Speculating in the late afternoon on the possibility of the government being defeated in last night’s Commons vote, which was designed to establish ‘the principle’ of using military action against Syria, John Pienaar argued such a defeat would represent a terminal loss of authority for David Cameron.
Well, it happened. Cameron’s motion to prepare the way for military action was defeated 285 votes to 272. As the Daily Mail excitedly points out, the last time a Prime Minister was defeated over an issue of war and peace was in 1782 and the vote plunges him into a ‘deep political crisis’. The Telegraph tries to play down the gravity of what the events in the Commons mean for Cameron’s authority, while saying the vote was unprecedented they only went so far as to say the Parliamentary vote ‘may also undermine Mr Cameron’s international reputation’.
What is disturbing is that the Government benches managed to secure as many as 272 votes for the principle of military intervention at all, particularly when all that was presented in evidence was an emotion-fuelled ‘judgement call’ based on a flakey summary from the Joint Intelligence Committee, which lacked any hard proof and relied as much on a lack of evidence that the rebels were to blame as it did on evidence that the regime was responsible. It was in no way a sound basis for launching military action. The dearth of hard information from the intelligence community and lack of certainty about who was culpable and what the consequences would be of intervention meant it was utter folly to bring the matter before the Commons and press for an agreement in principle to loose off a variety of missiles.

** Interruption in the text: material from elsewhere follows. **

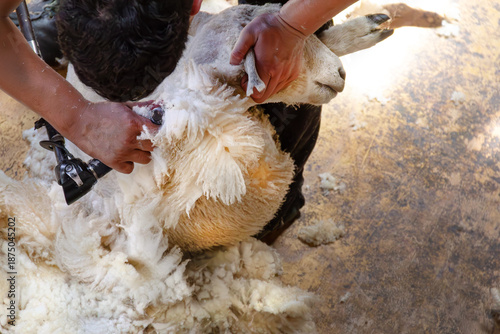 Romney sheep being shorn in New Zealand. Shearer holds sheep by ear and shaves wool. In Wellington Region. Overhead view.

What would be unprecendented would be Cameron being able to rebuild his authority. It, along with his credibility, has been shattered in stunning fashion. The floodgates are now open, and for all his bluster this vote has solidified internal Conservative Party opposition ranged against him on a variety of issues.
Cameron, who achieved his sole aim of becoming Prime Minister, despite failing to navigate his party to an election win against one of the most unpopular and disliked governments of the modern era, has also now failed to navigate his own little military adventure for his vain legacy. He has shown he cannot seal the deal. He is now just a figurehead that has detached from the ship, to bob around on the political ocean, swept along by various tides and swamped by the big waves of the day, not in control of events and not at the front of anything.
This really marks the start of the end for his political career. The Conservatives may defy the odds to bounce back, but Cameron is now too damaged and the ruthless power brokers in the background will now be looking at who could succeed him. The Tory party dynamics have just changed dramatically.